Teams 1676, the Pascack Pi-oneers, Pascack Valley Regional High School District, Montvale, and 341, Miss Daisy, Wissahickon High School, Ambler, Pa., were playoff contenders in their respective divisions. Teams 11, M.O.R.T., Mount Olive High School, Flanders, 3314, Mechanical Mustangs, Clifton High School, Clifton, and 2607, The Fighting RoboVikings, Archbishop Wood High School, Warminster, Pa. all made it to division playoffs. Teams 303 (The T.E.S.T Team, Bridgewater-Raritan High School, Bridgewater), 334 (TechKnights, Brooklyn Technical High School, Brooklyn, N.Y.), and 8513 (Sisters 1st, Villa Walsh Academy, Morristown) were contenders, but did not advance past qualifying.

To support these teams, four Armaments Center mentors traveled to Houston: Luisa Palacio Zapata and Alex Rydzewski (Team 8513), Owen Keegan (Team 11), and Dominic Estanislao, who spent the event primarily assisting Team 3314. While they did not make the trip to Texas this year, mentors Hailey Atwater, Warren Venema, Mark Maselli, and Daniela Gonzalez were also vital to the success of this qualifying group.

Team 8513 finished second in New Jersey this year and earned an award at every competition they took part in this season. According to Zapata and Rydzewski, the girls were excellent problem solvers under pressure, even tearing down their robot and rebuilding it in a few days and going through several design iterations. Team 8513’s programmers thrived, especially in programming the robot’s autonomous features, the manufacturing squad adjusted smoothly to changes, and the designers too performed well with minimal mistakes.

The pair, who both work as mechanical engineers, especially noted Team 8513’s ingenuity to replicate the quality usually reserved for high-end machinery.
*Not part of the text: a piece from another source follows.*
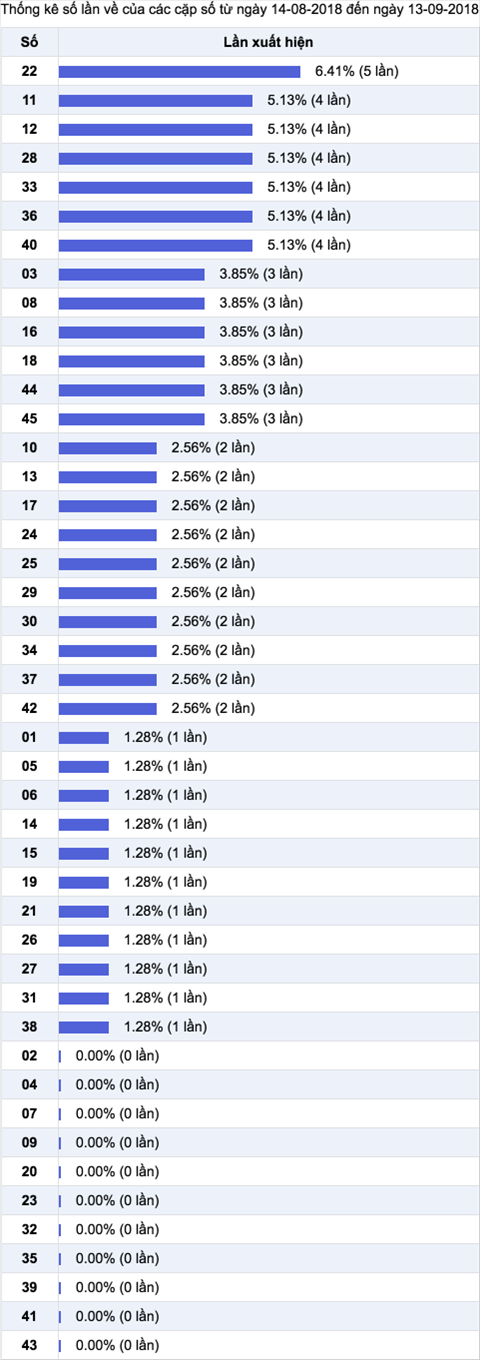 Thong ke ti le nhieu it trong 30 ngay Thong ke ti le nhieu it trong 30 ngay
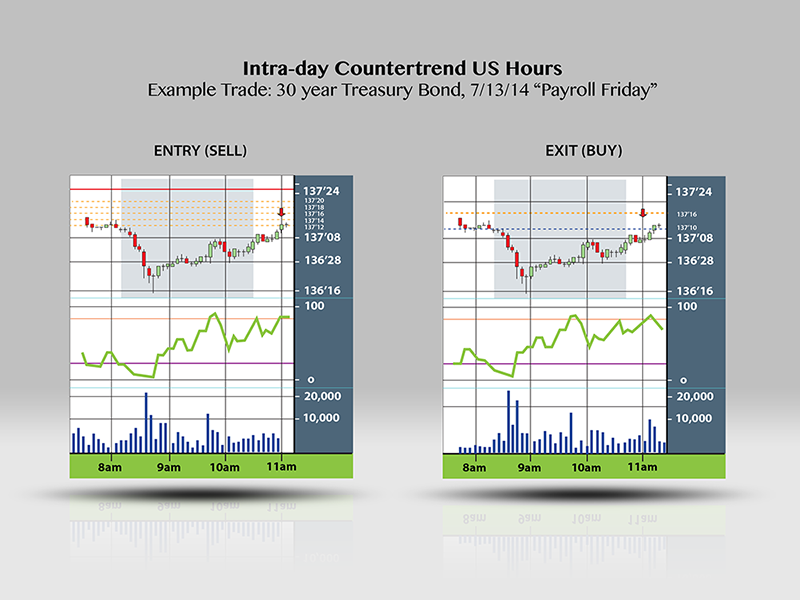 Graphic Design by GPGraphix for InSeats.com | Design #5794398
They expressed hope that the girls will thrive and motivate more of their peers to join robotics – the field has grown more accessible and welcoming to girls in recent years, but still robotics is a niche interest for them.

Estanislao, also a mechanical engineer by trade, praised how frequently his team and others collaborate and share ideas even when competing. Team 3314, he added, performed a complete rebuild of their robot in two weeks, opposed to the usual six to eight.
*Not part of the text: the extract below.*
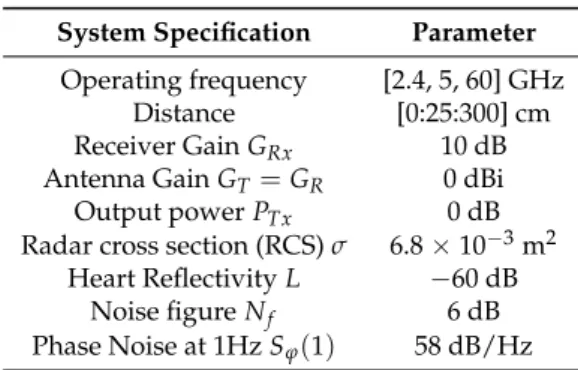 Table 2. Simulation Parameters.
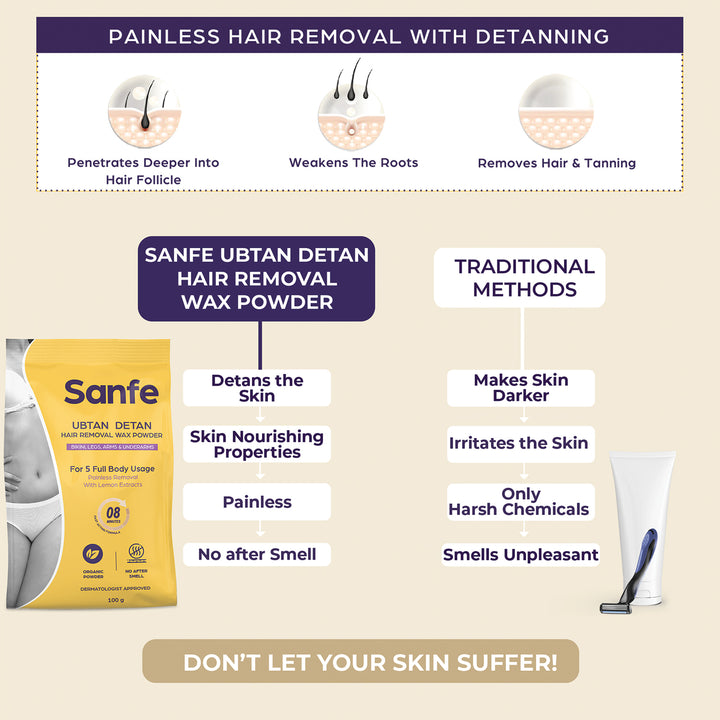 Sanfe Ubtan Detan Hair Removal Wax Powder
“My students are all driven and motivated to build a competitive robot every year, and that rubs off on me because I want to also compete at a high level. As a student, you just build robots, but as a mentor, you soon realize that building the robot is ultimately a tool to build my students as people,” he said.
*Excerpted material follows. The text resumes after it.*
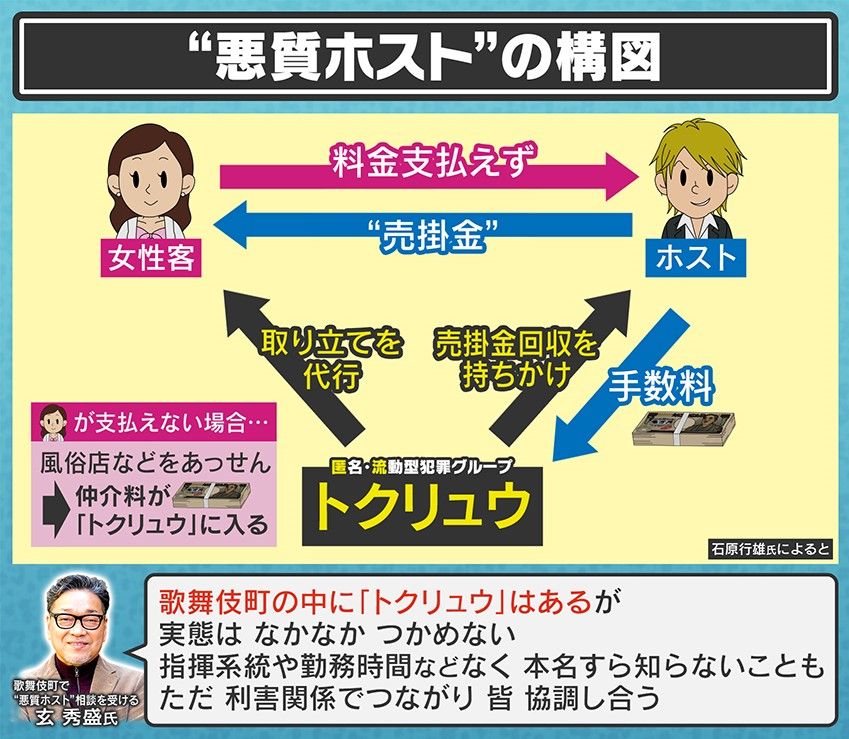 “悪質ホスト”と「トクリュウ」の構図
For project engineer Keegan, helping out with Team 11 brings him back to where he graduated high school, Mount Olive. The M.O.R.T. team, he emphasized, is entirely student-driven, with students managing everything from technical builds to non-technical community outreach. M.O.R.T. also scrapped and rebuilt their robot as a strategic pivot, which ultimately secured them their playoff run in Houston.